Hello Luke,
Have you changed default values of parameters related to indexing? It helped in my case - Yesterday I was indexing ~3.5mln pages segment and it took 3.5h and optimization took 10 minutes. I am using linux (ext3) on AMD Opteron 2.2GHz +SCSI drives.
I am using (probably not the best values- but they work good enough for me):
indexer.mergeFactor=30 indexer.minMergeDocs=10000 indexer.maxMergeDocs=10000000
I am passing -Xmx of 2GB to Java JVM (1.5.02 64bit). P.
Luke Baker wrote:
Hey,
Is there some sort of optimal or maximum segment size? I have a segment with 3.9 million records and it appears to be taking a really long time to index. The index process has been optimizing the index for over a week. The server I'm running it on is a dual Xeon 3.0 Ghz with 2GB of RAM. I've done 2 million page segments before and the optimizing has taken about 48 hours.

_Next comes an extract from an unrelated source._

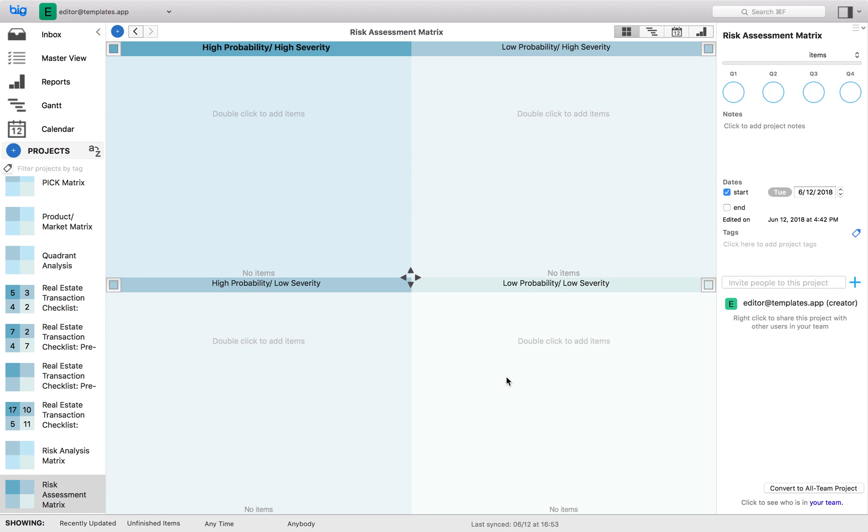Quadrant four: low probability, low severity. These risks should be tracked and reviewed periodically but should not be focused on until all other risks are addressed. Use a cost benefit template to further evaluate.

Would a truncated segment cause the optimizing process to take a really long time? I would guess that the optimizing process would just be manipulating the index that already has been created and that nothing in the segment itself would cause the optimizing part to take a really long time.
I have confirmed that the process is still running and modifying files in the index directory. Would the underlying filesystem play any role in all this? I'm using ext3.
Thanks,
Luke